FOLHA DE SP - 14/12
SÃO PAULO - Uma das mais notáveis capacidades do ser humano é a de imaginar o futuro e tomar decisões com o intuito de modificá-lo. É daí que surge a flexibilidade, característica em que superamos com folga nossos primos primatas bem como todos os outros animais.
É também a ferramenta de que nos valemos para escrever leis, que nada mais são do que a tentativa de regular o futuro. É claro que só faz sentido impor normas quando os comportamentos individuais não convergem de modo natural para a solução socialmente mais conveniente.
Imaginemos uma lei que proíba as pessoas de comer cocô de cachorro. Mesmo reconhecendo o valor sanitário da medida, ela é totalmente ociosa, já que a esmagadora maioria dos humanos não tem nenhum pendor em deliciar-se com dejetos caninos. Ao contrário, o impulso natural é nos afastar deles, daí a necessidade de norma que obrigue a recolhê-los quando nossos animais de estimação os depositam nas vias públicas.
Embora esse mecanismo seja até meio óbvio, nossos legisladores insistem em ignorá-lo. Um caso recente é a nova regra para a construção de garagens aprovada pela Câmara paulistana. O diploma reserva percentuais de vagas para bicicletas e motos em estacionamentos de condomínios e estabelecimentos comerciais.
Aparentemente, os vereadores se esqueceram de que condôminos e comerciantes têm interesse em resolver seus problemas.

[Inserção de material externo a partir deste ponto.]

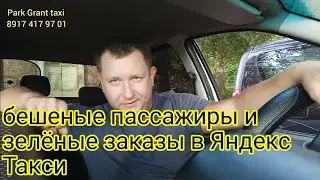 Бешеные пассажиры в такси /Справка о судимости / Зеленые заказы #яндекс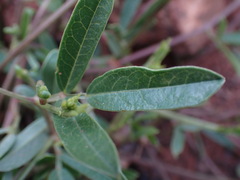 Sphenostylis angustifolia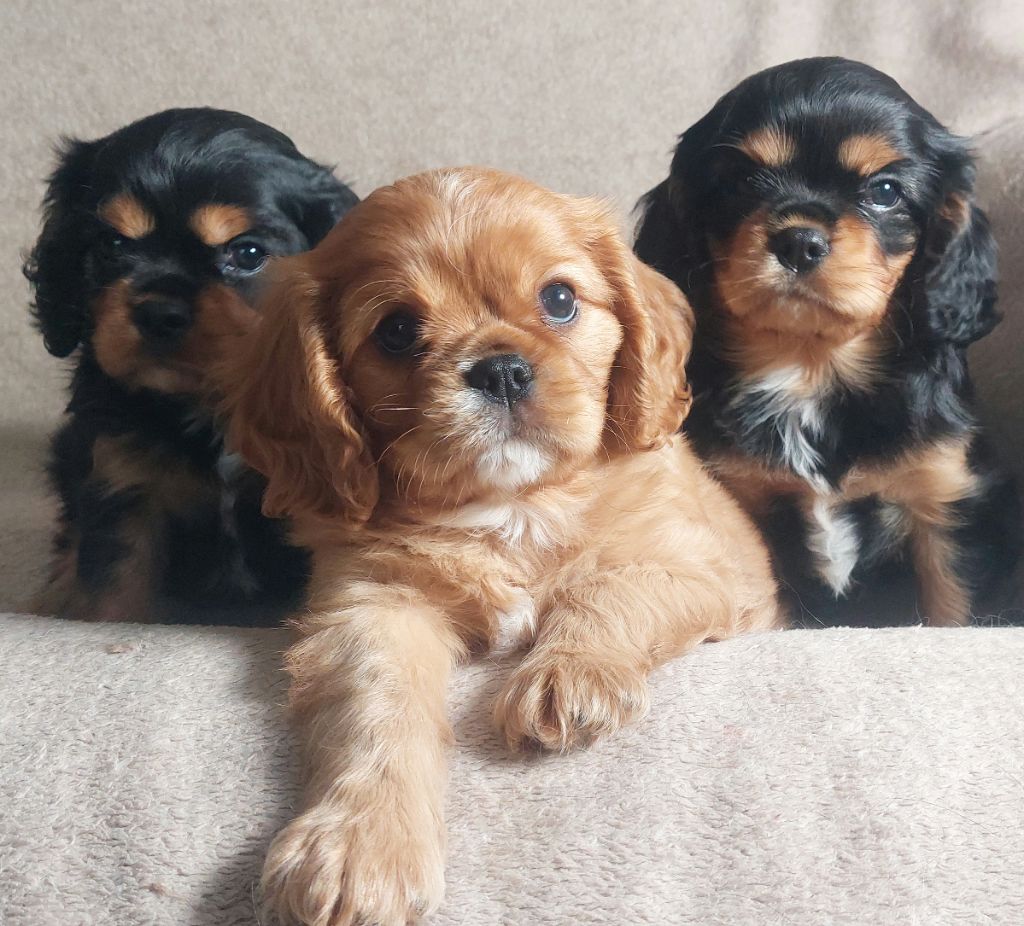 De L'Elite Du Kevezer - Cavalier King Charles Spaniel - Portée née le 16/05/2021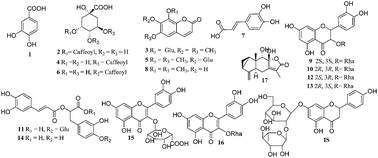 Graphical abstract: Simultaneous quantification of 17 bioactive constituents in Sarcandra glabra by liquid chromatography-electrospray ionisation-mass spectrometry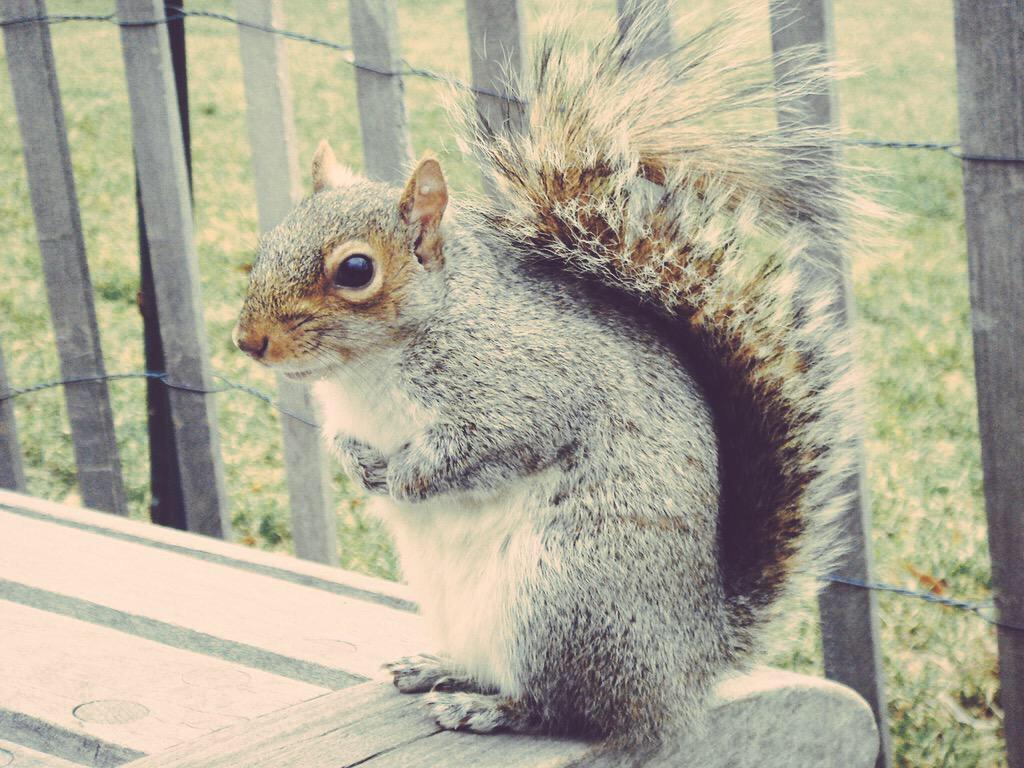 Squirrel Pics (@squirrel_pix) on Twitter photo 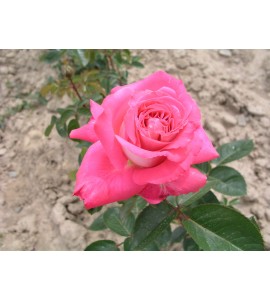 Cantilena Bohemica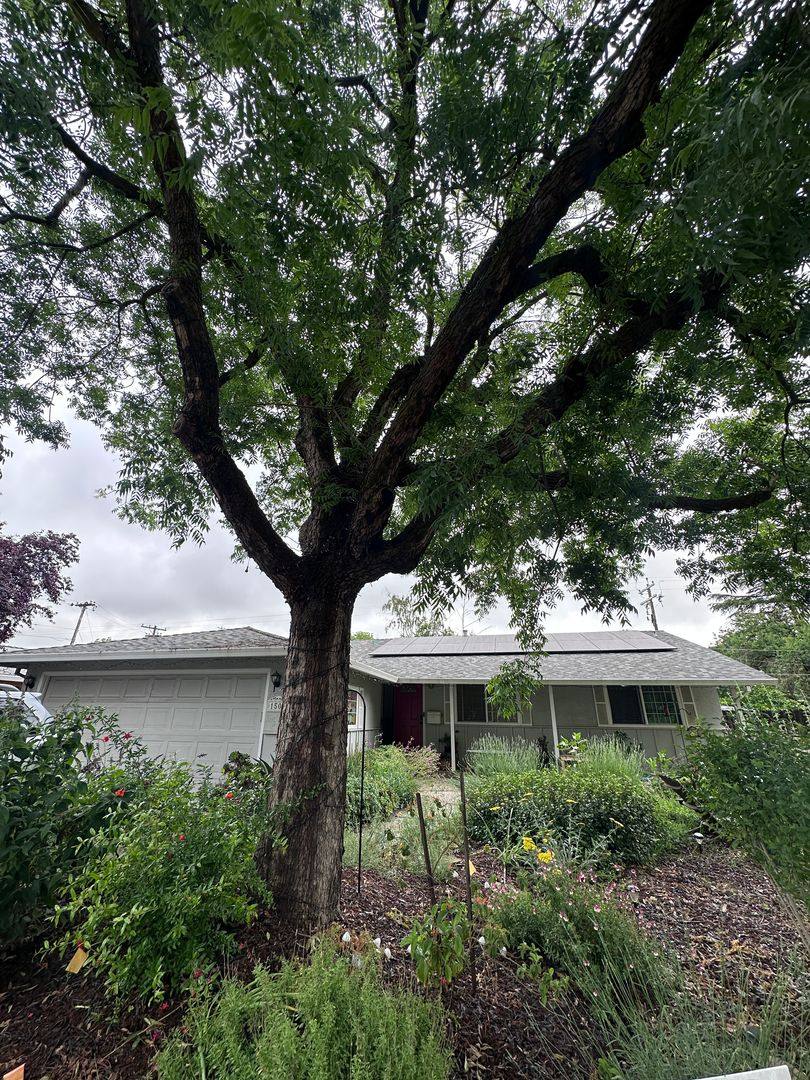 House for rent at 1506 Manzanita Lane, Davis, CA 95618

E eles, mais do que os parlamentares, conhecem as necessidades de seu público. Assim, uma loja de equipamentos para motos fará bem se reservar mais que os 10% fixados em lei para esses veículos. Algo parecido se aplica ao edifício onde ninguém tenha moto e falte espaço para carros. Em suma, vale a pena apostar na flexibilidade.
Minha suspeita é que só aprovam essas regras essencialmente inúteis para criar as dificuldades que gerarão o comércio de facilidades que infesta a administração pública.